What’s the best way to structure our EMS system?

By Eric DuBois,

I will start with a question that came up in conversation with Soovin after our most recent lecture.  Is it better to base our emergency response system on the type of patient that is most common or the type of patient that is least likely to survive?

My research for a long time since arriving at UW-Madison has focused on ambulance response during severe weather.  One of the chief problems that needs to be considered in this context is the expected survival of different patient types.  If someone is going to have to wait an extra 20 minutes during a blizzard for an ambulance, it had better be someone who isn’t likely to suffer any long term ill-effects.

On a normal service day, by far the most common patient is a trauma victim.  Yet, here’s the rub:  The vast majority of studies show that prehospital response times are not a very good indicator of trauma patient survival (For more see [1-3] below).  Further, “most ambulance services report that less than 10% of their calls are true life and death situations.”  So clearly our system is over-serving the vast majority of patients.

On the other hand are those few patients in dire need of medical attention, for whom a timely response can be critically important.  With survival rates of less than 6%, surely cardiac arrest patients deserve our concern too?  It is these very patients that have driven much of the literature and the current expectation that service times are so critically important.

Even if we decide it’s better to find the efficient solution for patient survival, this does nothing to answer the overall question of equity.  Worse yet, just because we have the theoretical resources to best serve cardiac arrest patients, doesn’t mean that we will actually serve them any better.  Sanghavi, et al found that the more advanced ALS ambulances actually did worse than BLS [4].  So just having the equipment and people in place may not be enough.

Now there are plenty of non-causal reasons that this could occur. For instance, ALS usually serve worse patients than BLS, and it is only possible to control so much for the actual severity of the patient with the data usually available.  Additionally, it should be considered that if the paramedics and EMTs aren’t well practiced in using advanced life support, due to the infrequency of such calls, trying them on such time-sensitive patients could just make the situation worse.

Beyond the question of what we view our ideal to be is the practical realities of the situation.  The American public expects to receive speedy service whether they have a cardiac arrest or a broken leg.
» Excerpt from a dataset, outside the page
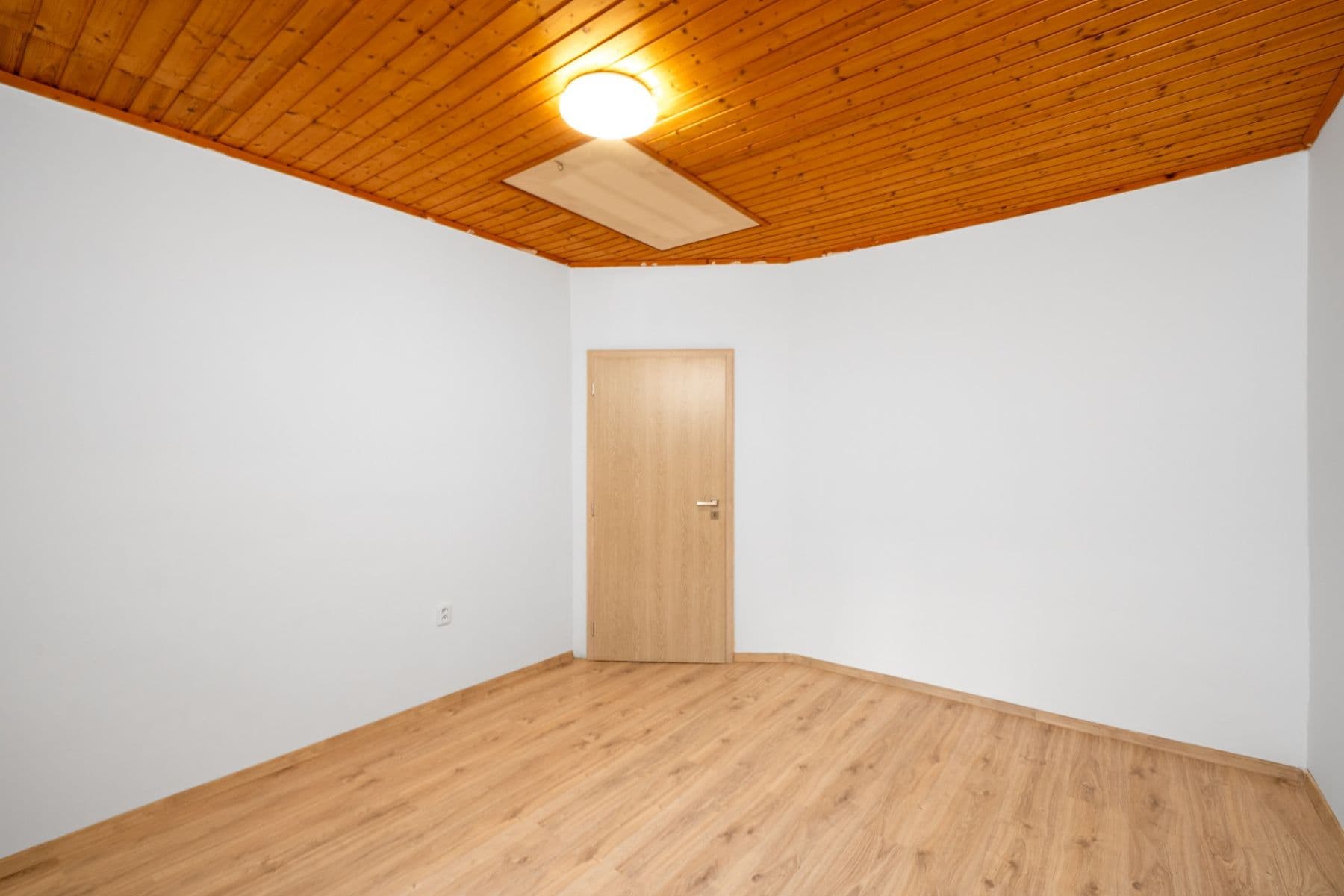Prodej domu 80 m², pozemek 1.700 m², Bužkovská, Petřvald, Moravskoslezský kraj Prodej domu 80 m², pozemek 1.700 m², Bužkovská, Petřvald, Moravskoslezský kraj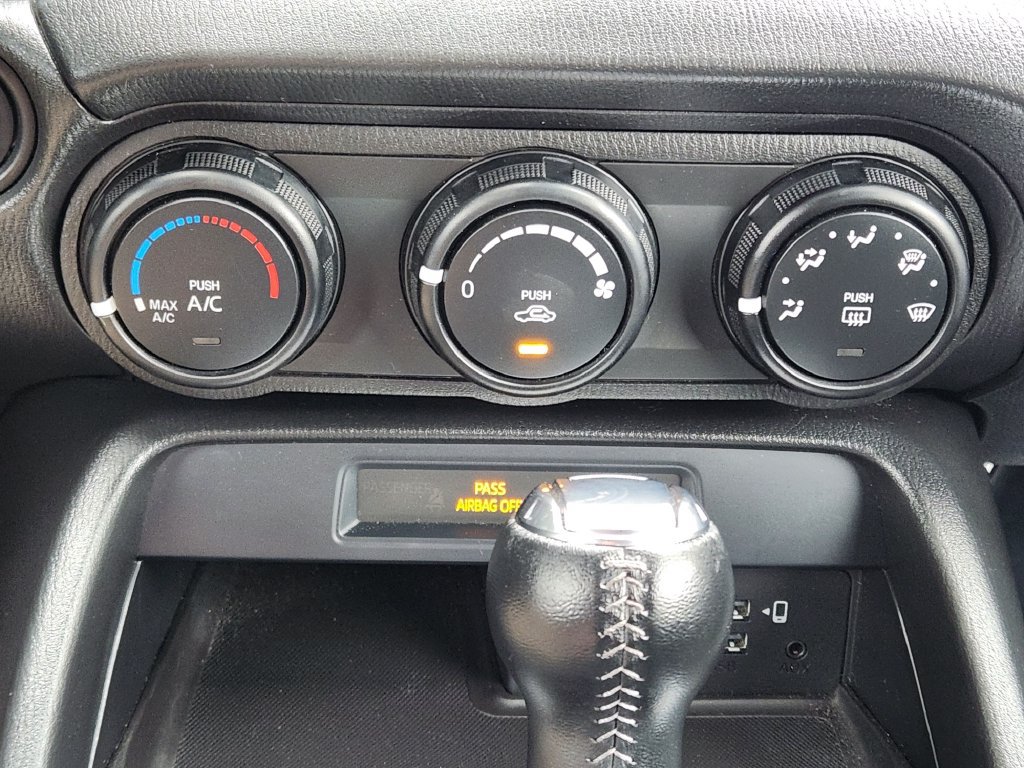 Used 2021 MAZDA MX-5 Miata Sport RWD image 10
It’s something we expect and it’s something for which we hold our leaders accountable. If we are to be honest with ourselves, it’s hard to argue that we wouldn’t want the quickest response possible when we are the ones dialing 911, no matter what the objective research says on the matter.

As with most questions in public OR, there is no simple answer to this one.  With multiple stakeholders and unclear measures, it is up to us as a community to develop best approaches.  I look forward to diving into these complex issues this semester and hope you’ll come along.  So what do you think?  Is there a better way to handle EMS calls than we currently do?  More importantly, is such a way practically implementable?


[1] Blackwell, T. H., Kline, J. A., Willis, J. J., & Hicks, G. M. (2009). Lack of association between prehospital response times and patient outcomes.Prehospital Emergency Care13(4), 444-450.

[2] Newgard, C. D., Schmicker, R. H., Hedges, J. R., Trickett, J. P., Davis, D. P., Bulger, E. M., … & Brown, T. B. (2010). Emergency medical services intervals and survival in trauma: assessment of the “golden hour” in a North American prospective cohort. Annals of emergency medicine55(3), 235-246.

[3] Pons, P. T., Haukoos, J. S., Bludworth, W., Cribley, T., Pons, K. A., & Markovchick, V. J. (2005). Paramedic response time: does it affect patient survival?. Academic Emergency Medicine12(7), 594-600.

[4] Sanghavi, P., Jena, A. B., Newhouse, J. P., & Zaslavsky, A. M. (2015). Outcomes after out-of-hospital cardiac arrest treated by basic vs advanced life support. JAMA internal medicine, 175(2), 196-204.



4 thoughts on “What’s the best way to structure our EMS system?

  1. This is a nice article on how public perception and public stakeholders guide model choice – thanks for the links! This reminds me of something. When I give talks I am often asked if there are a lot more cardiac events when it is snowing due to people shoveling the snow. The answer is yes: there are more cardiac events but I’m not sure if it is due to shoveling (maybe it’s due to stressing over bad snow removal on the roads?). I’m looking forward to more posts on the role of public stakeholders in the modeling process.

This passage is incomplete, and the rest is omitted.